Precinct Workers

Election Official Information Page

This page is designed for Catawba County Election Officials. Please bookmark this page as there is no direct link from our main page.

Current List of Appointed Judges Judges were appointed by the Catawba County Board of Elections on Aug 17, 2021.

Those appointed as Judges no longer wishing to serve their 2-year commitment are required to send the Board a letter of resignation. More information

Chief Judge Precinct Checklist

2021-2022 Catawba County Poll Worker Calendar

2021 - Municipal and City School Board Elections

Only 22 precincts* will be open

  • The Board will appointed precinct judges on August 17. Judges will receive an official letter about their two-year appointment. Precinct Assistants will be assigned later and notified as needed.
  • Precinct Worker Training will be scheduled in September.
  • City of Hickory and Town of Long View elections will not occur in 2021 because of the delay in the US Census. They will be held 2022. Note: Hickory School Board Elections WILL take place (Wards 1, 2, 3, 5).
  • Hickory Primary - No Hickory Primary
  • Municipal Elections - November 2, 2021
    • Municipal One-Stop (Newton Library ONLY): Oct 14 - Oct 30

* Several precincts will host voters from other precincts. Because of a small number of eligible voters for this election, voters from Precincts 9, 12, 21, 23, 27, 28, 33, and 35 will receive letters directing them to alternate polling locations for this election only.

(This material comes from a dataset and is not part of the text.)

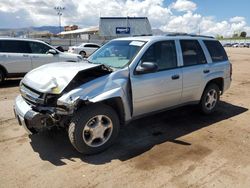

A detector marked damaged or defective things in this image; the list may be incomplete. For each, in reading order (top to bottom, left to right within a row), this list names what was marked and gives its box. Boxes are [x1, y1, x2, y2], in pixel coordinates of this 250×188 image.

bent hood [22, 61, 106, 94]
damaged silver suv [14, 34, 232, 154]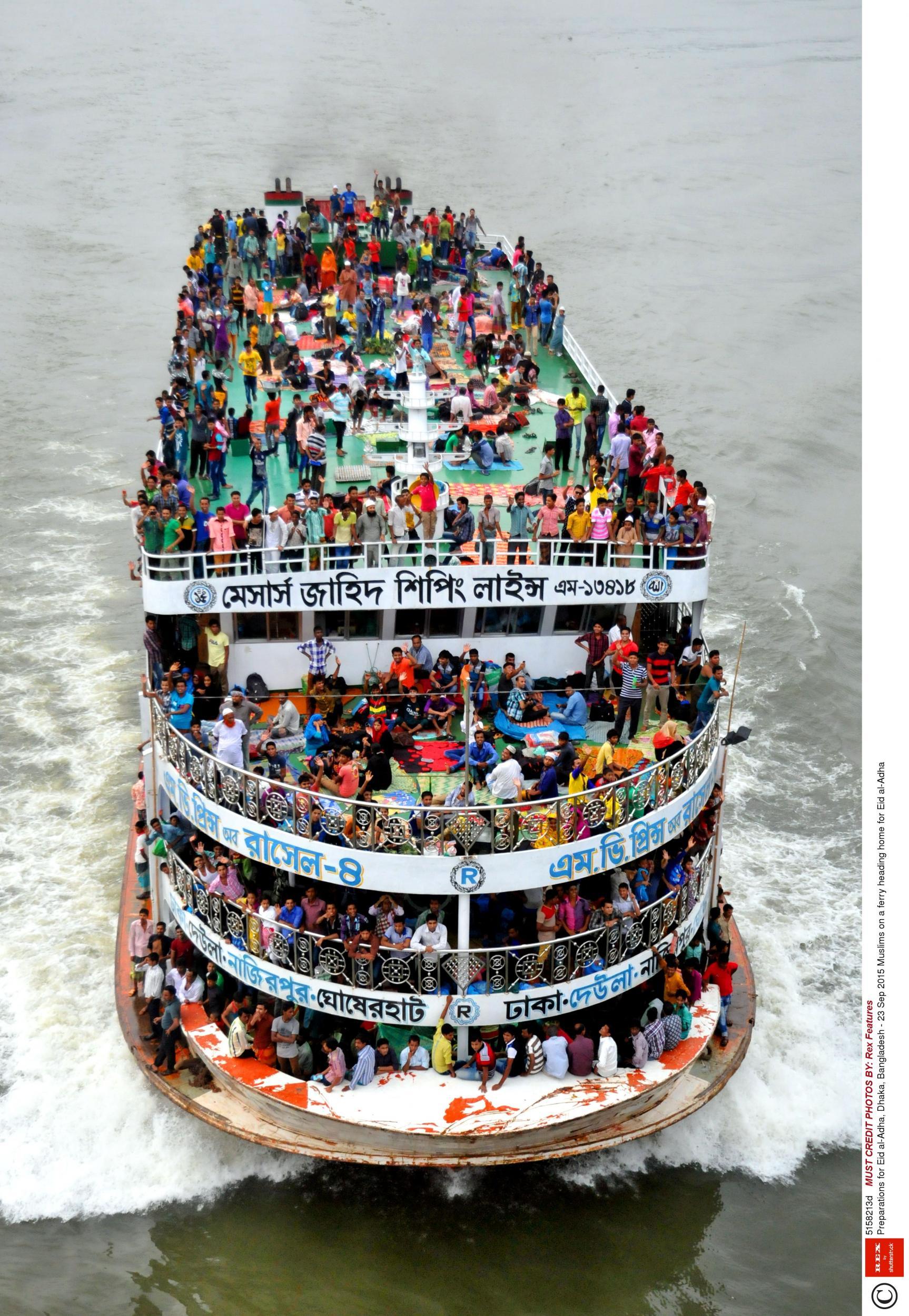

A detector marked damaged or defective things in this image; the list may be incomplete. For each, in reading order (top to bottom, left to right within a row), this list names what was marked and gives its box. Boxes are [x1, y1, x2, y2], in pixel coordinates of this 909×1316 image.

orange rust stain [442, 1095, 516, 1120]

2022 - Federal, State, Judicial, County and County School Elections

All 40 Precincts will be open

  • Primary- May 17, 2022
  • If needed, Second Primary - July 5 or July 26 (The runoff will be the later date if a federal race is involved)
  • General Election - November 8, 2022

List of Precinct Polling Locations

The Board of Elections relies on civic-minded registered voters from all 40 precincts to become trained Precinct Officials. Anywhere from 150 to 300 workers are needed for an election.

Selection Process

During the summer of odd-numbered years, both local Democratic and Republican parties submit names of potential workers they wish to be considered for Judge assignment for the precinct of which they live. Using this suggested assignment list, the Board finalizes the Judge assignment for all precincts. Both Catawba County parties allow for the use of Unaffiliated poll workers for Judge positions, if necessary. The Chief Judge is traditionally of the same party as the Governor of North Carolina. By law, Judge appointments are made official by the Board on the "Tuesday following the third Monday in August of odd-numbered years."

Before each election, the BOE supplements the Judges with Assistants. The BOE must consider each worker's registered party when making assignment (attempting to maintain a balance of Dem and Rep representation in each precinct). Assistants may be of any party affiliation (Democratic, Republican, or Libertarian), and may even be Unaffiliated voters.

Two-year Commitment

The 3 Judges in each precinct are appointed for 2 years; each individual should consider that fact before accepting the appointment.

Odd-numbered year (1-2 elections):

  • 1 Municipal and City School Board election in November
  • [POSSIBLY] 1 Hickory Primary in October - only the Hickory precincts involved will be open

Even-numbered year (2-3 elections):

  • 1 Primary in March (or possibly May if moved by legislative order)
  • [POSSIBLY] 1 Second Primary (the runoff is generally held less than 2 months after the 1st primary)
  • 1 General Election in November

All 40 polling locations are open during county-wide elections. Normally, only 29 of those sites are open for Municipal elections. The number of workers needed for each precinct varies as some locations require more workers than others to handle the anticipated voter turnout. The larger precincts have over 4,000 registered voters while the smallest has around 600 voters.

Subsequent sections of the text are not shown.